- **PROBLEM**
Pictures in the listing below are skipped, while the lines from the "Stamped Hoops Earrings🌠" line through the "Hunter Dickinson (1)" line are returned word for word.

____ DATASET CONTENT

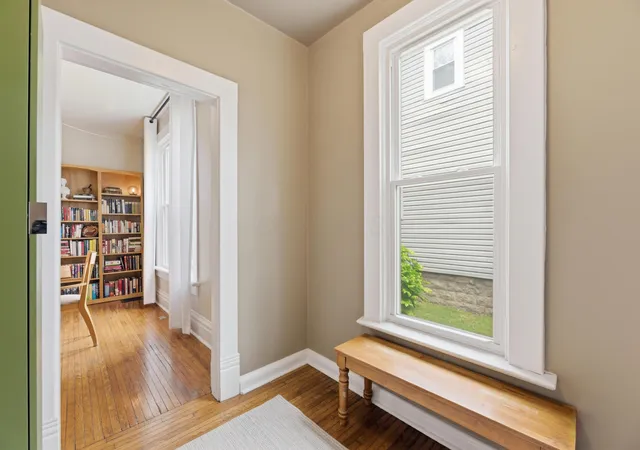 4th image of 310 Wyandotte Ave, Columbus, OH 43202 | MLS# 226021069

________
____ DATASET CONTENT

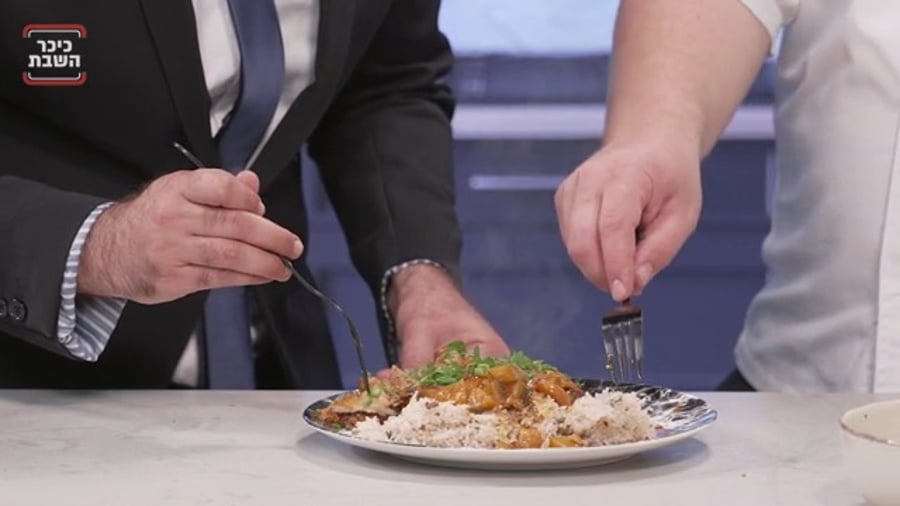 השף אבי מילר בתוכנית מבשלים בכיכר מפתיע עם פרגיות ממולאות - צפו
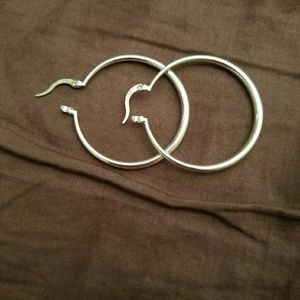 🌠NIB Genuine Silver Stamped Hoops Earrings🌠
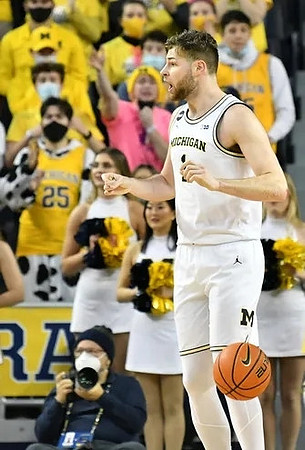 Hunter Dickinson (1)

________
____ DATASET CONTENT

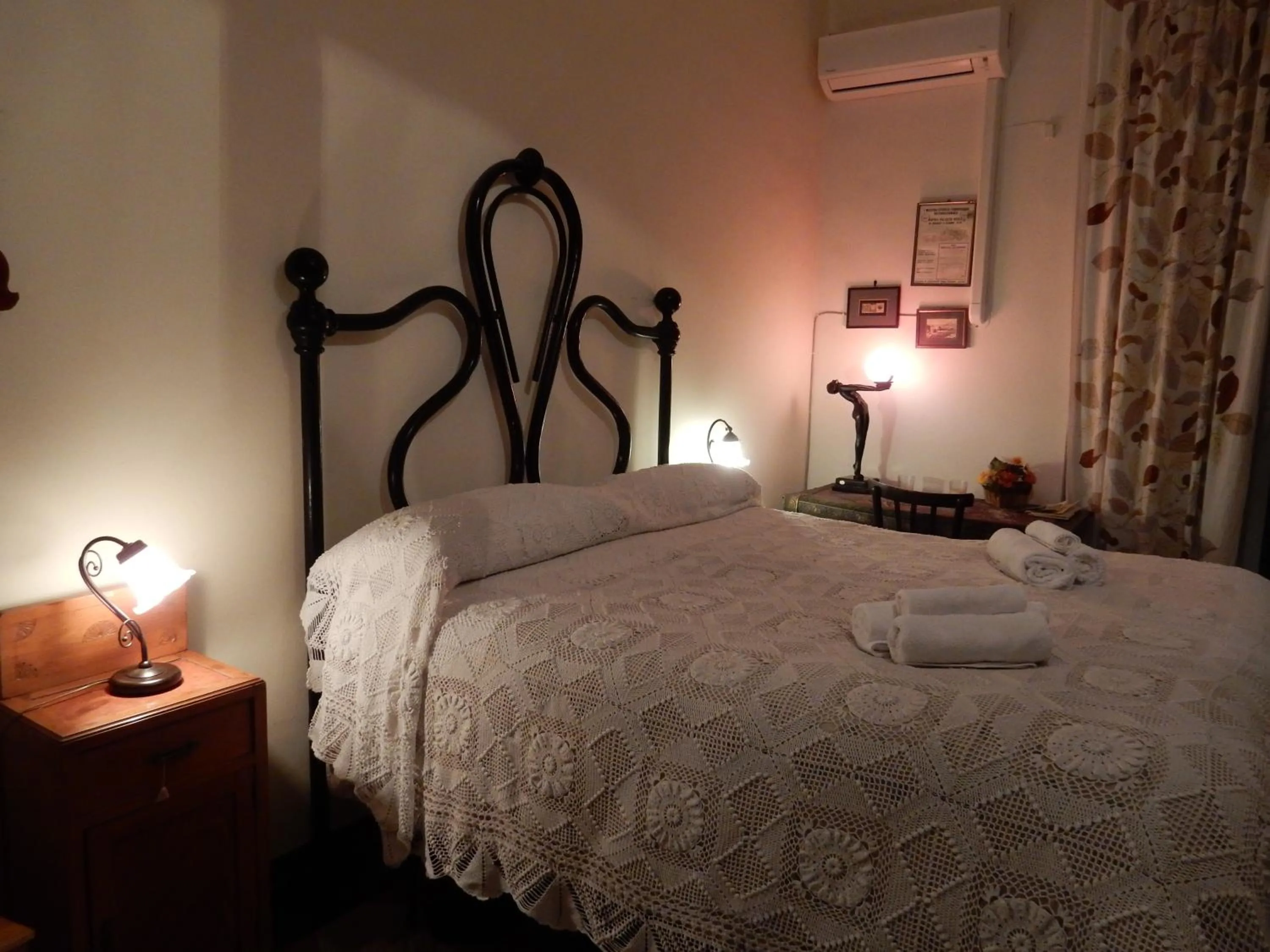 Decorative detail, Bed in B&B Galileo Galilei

________

- **TASK RESPONSE**
 🌠NIB Genuine Silver Stamped Hoops Earrings🌠
 Hunter Dickinson (1)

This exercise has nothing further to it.